It was a day made up of little shards of silence. At 8.50am local time, at 9.47am, at 11.15am, at 11.30am, at 2.38pm, each a minute of quiet, punctuating a day of reflection. At memorials in parks, at stations and in cathedrals, people came together and remembered a day, a decade ago, when 52 innocent victims were killed in the London bombings.
Neither silence, however, nor the passage of time, can truly heal the wounds that were inflicted.
One of the most moving moments was during the afternoon ceremony of remembrance in Hyde Park. Emma Craig was a 14-year-old schoolgirl on the day that went down as one of Britain's worst terrorist atrocities. She was on the train at Edgware Rd that was blown up by Mohammad Sidique Khan, the ringleader of the bombers. Six of the 52 victims were murdered here.
In front of an audience of about 400, including the Duke of Cambridge, and struggling to fight back tears, Craig said: "We all lost our innocence that day. Quite often people say, 'it didn't break us, terrorism won't break us'. The fact is, it may not have broken London, but it did break some of us."
She was one of a number of survivors, or members of the emergency services, who spoke of the terror that still haunted them, of the guilt that they survived and others did not. After her address, relations of the victims and survivors processed through the Hyde Park memorial to each lay a single yellow gerbera on the plaque, which records the names of all the victims. Bright flowers of hope and innocence. The Duke lay a bunch of half a dozen. It was the final remembrance of many that took place across London.
The day started at the same memorial, under dark skies. Prime Minister David Cameron and Mayor Boris Johnson had paused, during another minute's silence, in front of the 52 stelae, the striking but simple steel columns, representing each victim, before they too laid wreaths.
Johnson said the 7/7 terrorists "didn't in any way change the fundamentals of London and what makes this city great".
As if to prove his point, Park Lane traffic continued to roar past as he, the Prime Minister and other dignitaries bowed their heads in silence.
The only concession was a slow trudge of cyclists dismounting and proceeding on foot along the Broad Walk. Police officers had stopped the stream of two-wheelers and asked them to not to cycle past the ceremony. And so, as the wreaths were being laid, in the background there was an honour guard of London commuters, lycra-clad and in hi-viz. Off to work, as they were 10 years ago.
A minute's silence was held at each of the four sites where the bombs exploded: King's Cross, Aldgate, Edgware Rd and Tavistock Square, where 13 people were murdered by a bomb ripping through the top deck of a number 30 bus.

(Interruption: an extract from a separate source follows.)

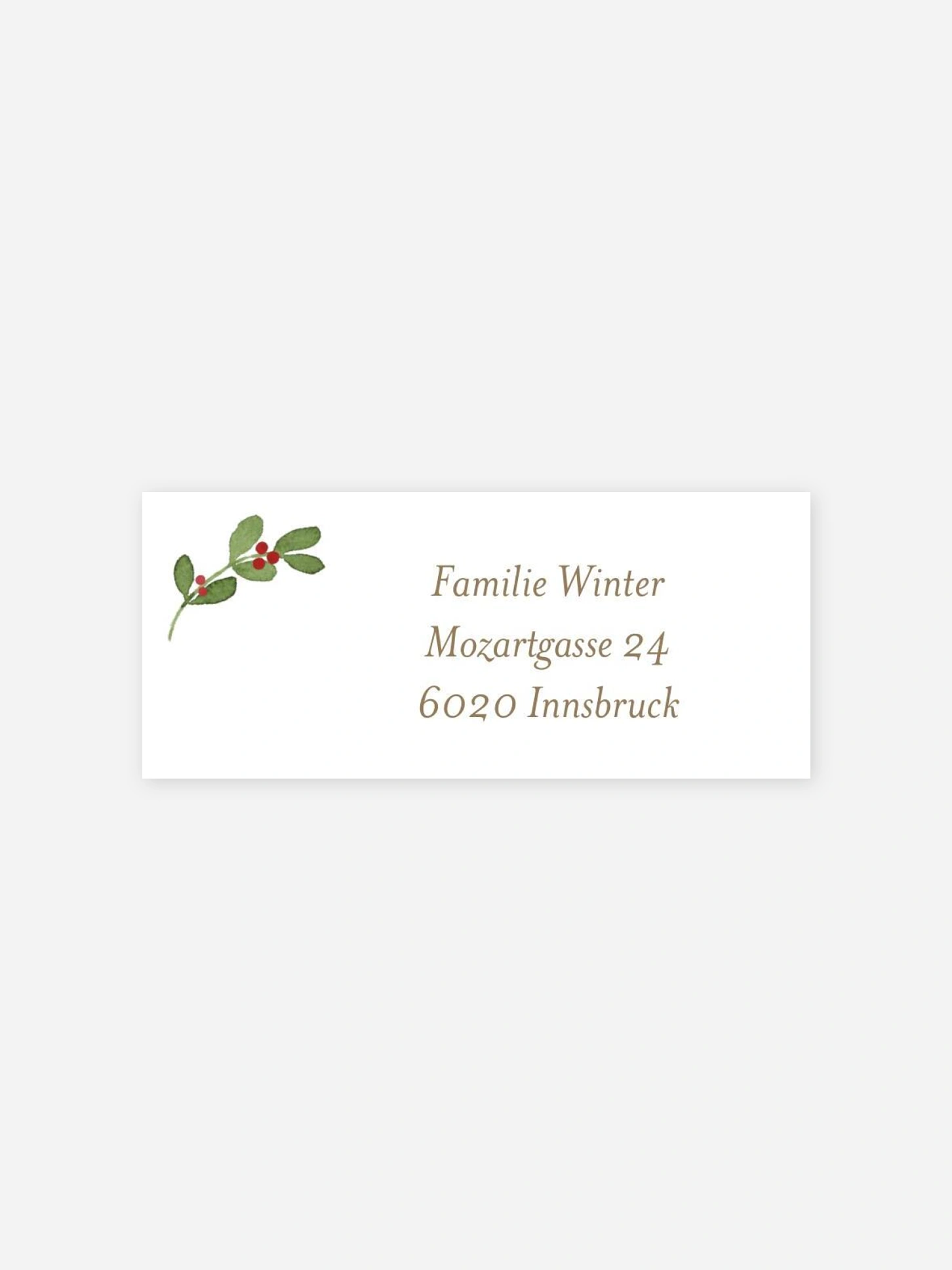 Absenderaufkleber Weihnachten Greenery Ornament Kraftpapier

At Hyde Park, Elza Blankenburgs, walking her dog, said: "My greatest emotion that day was that I was so cross, I was so cross that these people had done this to our beautiful city. I was so cross and so angry. And then you feel proud when everyone gets up and keeps going."
Her friend, Elizabeth Awit, added: "You know, London is not just made up of Londoners. It is made up of a collective spirit. And they all pull together when something like this happens."
Many Londoners were broken that day. But not London.